週刊金曜日「6月10日号」投書欄にとんでもない内容が載った。「テレビメディアの恥ずかしい自己申告」とのタイトルで、66歳男性の投稿だった。概要を紹介する。
「5月26日夕刻、ABCテレビのニュース『キャスト』を見た。(伊勢志摩サミットを)現地から伝える記者は、記者全員に無料で贈られたものだとして、革製の鞄を紹介し、よほど嬉しかったのか、中に入っている高価な品物まで出して見せた」。
「メディアセンターでは無料で飲食物が提供され、寿司は1時間ほどで無くなり、夕刻には松阪牛が振る舞われるのだと嬉々として伝える。贈り物を受け取り、ただで飲み食いをして、サミットを批判する記事など書けるはずがない。後ろめたさを感じるどころか、隠そうともしない」と記者の劣化を嘆き、「自分たちの『たかり根性』にも目を向けるべき」と指摘している。

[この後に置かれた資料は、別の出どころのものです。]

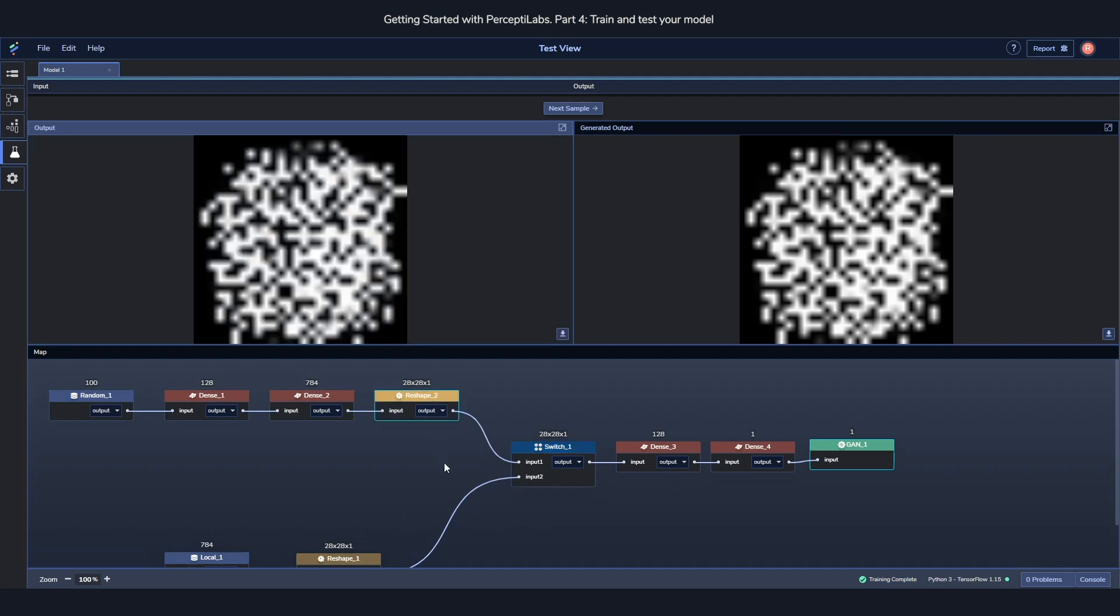This way you can really peek into your model and understand what's going on both during training and after the training. Now hopefully you can see how much easier it is to train, interpret, and validate your model using PerceptiLabs.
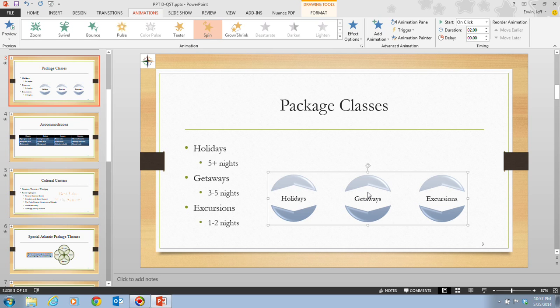As a quick tip, there are additional animation options for each animation category located at the bottom of the animations gallery.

男性指摘の革製鞄には土産品も入っていた。国際メディアセンターでの飲食物が無料であることは筆者も知っていたが、鞄に土産品まで入れ、記者全員に配られたというのは問題だ。サミットには国内外の250近いメディアの約6000人が記者登録されていた。鞄と飲食代だけでも投入された税金は相当な金額だ。
外国メディアの記者に対しては、日本の製品、そして松阪牛や寿司など食文化の良さを知って頂き、帰国後に、自社メディアで発信して頂けるメリットがあり、「おもてなし」の一環として、日本セールスの効果がこうしたサービスで生きてくるので、むしろ、今後も国際的催事においては継続していくべきと感じている。

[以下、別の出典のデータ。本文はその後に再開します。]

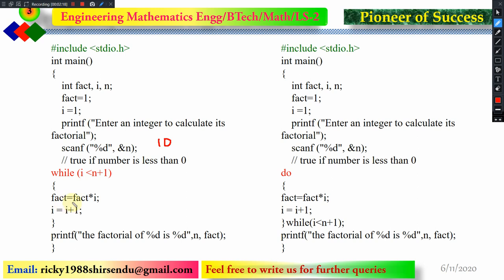Now we are updating fact. Initially fact was 1, so it calculates 1 into 1, which is 1 — fact is updated to 1. Then we increment i by 1: i becomes 2. The loop goes back to condition checking. Now i is 2, which is still less than 11, so the condition is true. It updates fact: 1 multiplied by 2 gives 2. Fact is now updated to 2.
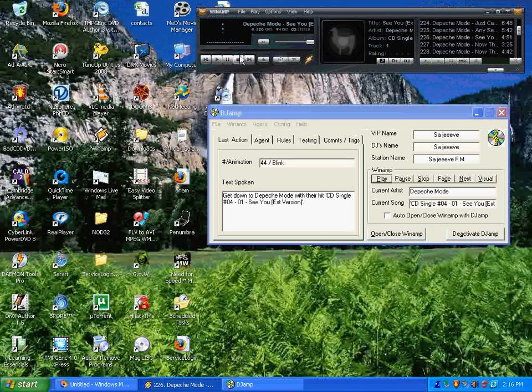Get down to Depeche Mode with her hit CD single number 0401CU, extension version.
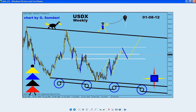Right now we are at this white line. If we break a little bit above — maybe there or two — then we are going to this white line, the top. And this white line: USDX going there means EURUSD will probably see 124, easy.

一方、国内メディアの記者らが、こうしたサービスを受けるのは厳に慎むべきで、革製鞄などとんでもない話。辞退申し上げるのが良識。主催者にむしろ「こうしたことはすべきでない」と苦言を呈するべき。
取材する側、される側には一定の距離感が必要だ。「贈り物を受け取り、ただで飲み食いをして、サミットを批判する記事など書けるはずがない」。記事は記事と言いたいところだが、言われる通りだろう。受け取った国内メディア記者は上司に報告しただろうか。今後の為にすぐ返すことをお勧めしたい。
一方、国際メディアセンターでの飲食物の無料振る舞いも海外メディアに限定すべき。これは接待でなく、飲食物の宣伝効果が期待できるからだ。他方、国内メディア記者には1人あたり、1日パス券(飲食物含む)を2千円から3千円で行うよう制度設計する方が、主催者側、取材側ともに距離感を持って仕事ができる。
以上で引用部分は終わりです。